U.S. Department of Agriculture (USDA) loans are tailor-made for very low- to moderate-income households that can’t get conventional financing and want to enjoy the stability of homeownership.

Here’s what you need to know about USDA loans, including how to get one:

What is a USDA loan?

A USDA loan can help you purchase, repair, renovate, build, or even relocate a home that you’ll use as your primary residence. In most cases, you’re not required to make a down payment.

If you have low to moderate income and you’d like to be a homeowner in an area with a population below 35,000, you may want to consider a USDA loan.

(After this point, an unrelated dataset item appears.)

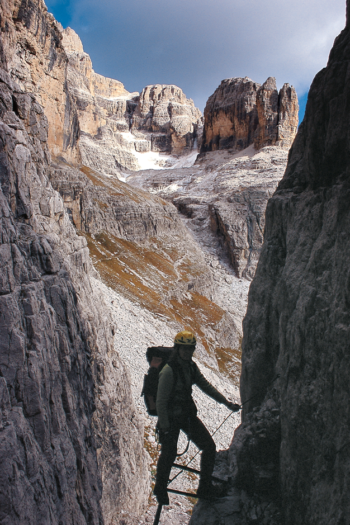 Klettersteiggeher in einem Kamin am Ende des Sentiero SOSAT Klettersteig in der Brenta.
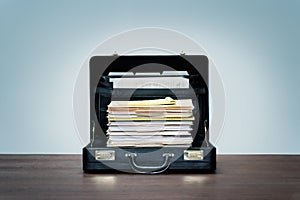 Stack of office paperwork in black leather briefcase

Learn More: USDA vs. FHA Loans: What’s the Difference?

How does a USDA loan work?

USDA loans work a bit differently depending on which type of USDA loan you’re getting. There are three USDA home loan programs you can choose from:

  • USDA guaranteed loans: These loans are 30-year, fixed-rate loans issued and funded by USDA mortgage lenders, who determine the interest rates. The USDA guarantees 90% of the loan amount to protect the lender if you don’t repay the loan. The income limits for guaranteed loans are higher than the limits for direct loans.
  • USDA direct loans: These loans are underwritten and serviced by the USDA. They can have terms of up to 38 years and interest rates as low as 1%. To qualify, you must have a low or very low income for your area, not be qualified for other financing, and be without decent, safe, and sanitary housing.
  • USDA home improvement loans: Very low-income homeowners who can’t get other credit may be able to borrow up to $20,000 at an interest rate of 1% to repair, improve, or modernize a home in a rural area.

This article will focus on guaranteed and direct loans.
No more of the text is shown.